図2図2は、第1の実施形態に係る評価装置における太陽電池モジュール評価処理の動作例を示すフローチャートである。
図3図3は、第1の実施形態に係る評価装置がEL性能評価により取得した太陽電池モジュールの画像と8ビット変換した画像の例である。
図4図4は、第1の実施形態に係る評価装置がマスキングデータ生成過程において生成する画像の例である。
図5図5は、第1の実施形態に係る評価装置のマスキング処理の過程において生成する画像の例である。
図6図6は、第1の実施形態に係る評価装置の平均輝度の算出処理の動作例を示すフローチャートである。
図7図7は、第1の実施形態に係る評価装置による太陽電池モジュールの発電性能の判定方法の例を示す図である。
図8図8は、第2の実施形態に係る太陽電池モジュールの評価システムの構成ブロック図である。
図9図9は、第2の実施形態に係る評価装置の検量線の生成処理の動作例を示すフローチャートである。
図10図10は、第2の実施形態に係る評価装置が取得した太陽電池モジュールのデータの分布図の一例である。
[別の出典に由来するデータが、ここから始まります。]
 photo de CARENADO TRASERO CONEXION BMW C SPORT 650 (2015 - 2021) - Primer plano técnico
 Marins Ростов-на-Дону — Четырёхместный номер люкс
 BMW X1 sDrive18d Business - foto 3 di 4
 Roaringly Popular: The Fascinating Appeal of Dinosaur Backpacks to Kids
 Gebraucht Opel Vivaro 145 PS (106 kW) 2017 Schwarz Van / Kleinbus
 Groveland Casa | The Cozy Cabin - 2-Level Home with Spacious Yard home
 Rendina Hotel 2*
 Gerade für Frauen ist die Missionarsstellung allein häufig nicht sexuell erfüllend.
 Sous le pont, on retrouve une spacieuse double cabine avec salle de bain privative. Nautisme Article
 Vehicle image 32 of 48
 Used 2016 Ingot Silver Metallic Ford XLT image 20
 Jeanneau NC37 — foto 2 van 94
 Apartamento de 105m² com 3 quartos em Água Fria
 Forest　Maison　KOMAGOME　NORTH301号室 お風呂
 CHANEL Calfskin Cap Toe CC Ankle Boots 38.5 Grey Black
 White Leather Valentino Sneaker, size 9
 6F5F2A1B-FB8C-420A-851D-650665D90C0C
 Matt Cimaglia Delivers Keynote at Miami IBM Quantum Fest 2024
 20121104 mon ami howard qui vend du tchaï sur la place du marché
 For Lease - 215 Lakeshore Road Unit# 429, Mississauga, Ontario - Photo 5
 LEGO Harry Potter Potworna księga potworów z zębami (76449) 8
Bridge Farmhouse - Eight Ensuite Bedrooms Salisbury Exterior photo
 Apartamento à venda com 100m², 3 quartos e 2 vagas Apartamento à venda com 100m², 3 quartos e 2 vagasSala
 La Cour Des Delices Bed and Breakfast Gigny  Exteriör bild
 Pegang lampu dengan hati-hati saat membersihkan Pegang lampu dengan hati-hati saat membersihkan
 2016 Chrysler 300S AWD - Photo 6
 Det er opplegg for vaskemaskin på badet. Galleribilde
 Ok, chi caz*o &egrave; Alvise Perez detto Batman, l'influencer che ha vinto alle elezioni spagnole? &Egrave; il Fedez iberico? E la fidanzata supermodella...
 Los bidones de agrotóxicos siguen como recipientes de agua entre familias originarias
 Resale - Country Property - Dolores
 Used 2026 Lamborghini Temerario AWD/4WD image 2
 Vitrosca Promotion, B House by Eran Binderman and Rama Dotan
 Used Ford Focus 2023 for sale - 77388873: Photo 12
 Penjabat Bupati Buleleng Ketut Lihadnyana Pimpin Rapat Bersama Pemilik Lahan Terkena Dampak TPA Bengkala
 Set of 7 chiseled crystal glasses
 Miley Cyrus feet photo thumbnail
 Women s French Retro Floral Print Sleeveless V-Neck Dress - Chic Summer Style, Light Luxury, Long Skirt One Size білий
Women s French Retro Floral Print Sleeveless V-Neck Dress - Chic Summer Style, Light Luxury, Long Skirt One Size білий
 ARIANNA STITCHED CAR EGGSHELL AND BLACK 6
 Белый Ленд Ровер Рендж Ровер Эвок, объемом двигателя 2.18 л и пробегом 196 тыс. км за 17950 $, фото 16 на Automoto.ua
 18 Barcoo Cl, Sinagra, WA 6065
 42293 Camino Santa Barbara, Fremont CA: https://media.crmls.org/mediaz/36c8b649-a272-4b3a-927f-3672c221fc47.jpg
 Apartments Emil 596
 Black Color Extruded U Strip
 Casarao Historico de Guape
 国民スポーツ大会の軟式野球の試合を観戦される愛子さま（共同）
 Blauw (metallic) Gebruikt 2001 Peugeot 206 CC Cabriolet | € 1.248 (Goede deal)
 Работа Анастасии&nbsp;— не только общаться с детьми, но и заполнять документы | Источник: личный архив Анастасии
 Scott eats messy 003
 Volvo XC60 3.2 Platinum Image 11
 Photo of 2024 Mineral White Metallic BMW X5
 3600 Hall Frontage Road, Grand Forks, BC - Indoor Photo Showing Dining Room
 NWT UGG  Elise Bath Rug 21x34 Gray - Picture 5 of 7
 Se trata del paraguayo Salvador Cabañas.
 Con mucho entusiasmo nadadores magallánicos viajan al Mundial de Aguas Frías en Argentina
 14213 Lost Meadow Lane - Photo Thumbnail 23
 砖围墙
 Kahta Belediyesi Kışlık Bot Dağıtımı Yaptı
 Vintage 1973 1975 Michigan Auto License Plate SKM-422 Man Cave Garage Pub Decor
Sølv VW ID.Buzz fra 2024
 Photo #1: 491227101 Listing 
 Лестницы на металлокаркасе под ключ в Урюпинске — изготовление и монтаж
図11図11は、第2の実施形態に係る評価装置検量線の生成処理過程の動作例を示すフローチャートである。
図12図12は、第2の実施形態に係る評価装置による太陽電池モジュールの取得データを調整した後のデータの例を示す分布図である。
図13図13は、第2の実施形態に係る評価装置による太陽電池モジュールの評価順の例を示す模式図である。
図14図14は、第2の実施形態に係る評価装置による太陽電池モジュールの発電性能の判定処理の動作例を示すフローチャートである。
図15図15は、第2の実施形態に係る評価装置が平均輝度と検量線とから太陽電池モジュールの最大出力を決定する手順を示す図である。
図16図16は、第2の実施形態に係る評価装置による太陽電池モジュールの発電性能の判定方法の例を示す図である。
図17図17は、第3の実施形態に係る評価装置による太陽電池モジュールのEL画像の例を示す模式図である。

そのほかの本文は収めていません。